Mehr Rechte für Arbeitnehmer, mehr Aufwand für Arbeitgeber: Nach einem Grundsatzurteil verfallen ungenutzte Urlaubstage nicht mehr automatisch. Stattdessen müssen Arbeitgeber ihre Beschäftigten in Zukunft auffordern, noch nicht beantragten Urlaub zu nehmen und darauf hinweisen, dass er sonst erlischt. Das hat das Bundesarbeitsgericht (BAG) am Dienstag in Erfurt entschieden.
Mit ihrem Grundsatzurteil entwickelten die Bundesarbeitsrichter nach eigener Aussage die Rechtssprechung zu Urlaubsansprüchen weiter. Zuvor hatte der Europäische Gerichtshof (EuGH) Vorgaben gemacht.
Nach Ansicht von Experten können Beschäftigte nun prüfen, ob sie vielleicht doch noch Anspruch auf Urlaub haben, von dem sie dachten, dass er verfallen sei. „Ich würde Arbeitnehmern raten, verfallen geglaubte Urlaubsansprüche nachzufordern — solange es keine tarifliche Verfallsklausel oder eine Verjährung der Ansprüche gibt“, sagte der Tübinger Arbeitsrechtler Hermann Reichold. Mehrere Arbeitsrechtler bezeichneten das Urteil als „arbeitnehmerfreundlich.“
Welche Auswirkungen die Entscheidung der Erfurter Richter für Arbeitgeber hat — darüber gingen die Meinungen teils auseinander. „Für Arbeitgeber bedeutet die Entscheidung auf jeden Fall erheblich mehr Aufwand“, sagte Reichold.
Sein Göttinger Kollege, der Arbeitsrechtler Olaf Deinert sagte, das Urteil bedeute zwar mehr Aufwand, „als gar nichts zu tun. Aber die meisten Arbeitgeber prüfen ohnehin, wie viel Urlaubsansprüche ihre Beschäftigten haben“, betonte Deinert. Daher sehe er in der Pflicht des Arbeitgebers, seine Beschäftigten über ihre Urlaubsansprüche aufzuklären, keine große Herausforderung. „Die spannende Frage ist, wie konkret und genau der Arbeitgeber seine Beschäftigten auf die Urlaubsansprüche hinweisen muss“, sagte er.

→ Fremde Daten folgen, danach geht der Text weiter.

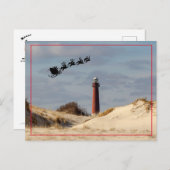 Santa Over De Barnegat Vuurtoren Briefkaart (Voorkant / Achterkant)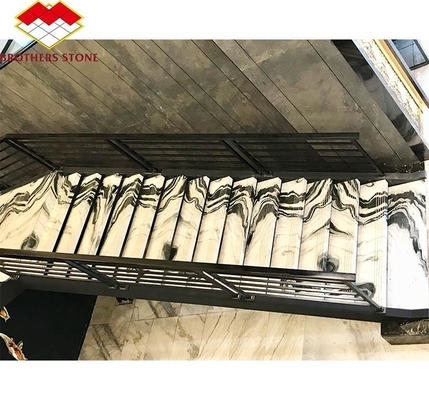 Moderne Panda Wit Calcite Marmeren Trappen Steen Decoratieve Marmeren Trappen in de hal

Das ließen die Bundesarbeitsrichter weitgehend offen. Arbeitgeber müssen ihre Angestellten „klar und rechtzeitig“ auf nicht genommenen Urlaub hinweisen, wie der vorsitzende BAG-Richter Heinrich Kiel in Erfurt sagte. Offen blieb, wann ein Hinweis rechtzeitig kommt. „Dieser Punkt wird die Rechtssprechung in Zukunft sicher noch beschäftigen“, sagte Oliver Klose, Sprecher beim Bundesarbeitsgericht. Nach Deinerts Einschätzung wird eine „in allgemeiner Form an die Belegschaft gerichtete Information“ wohl kaum genügen.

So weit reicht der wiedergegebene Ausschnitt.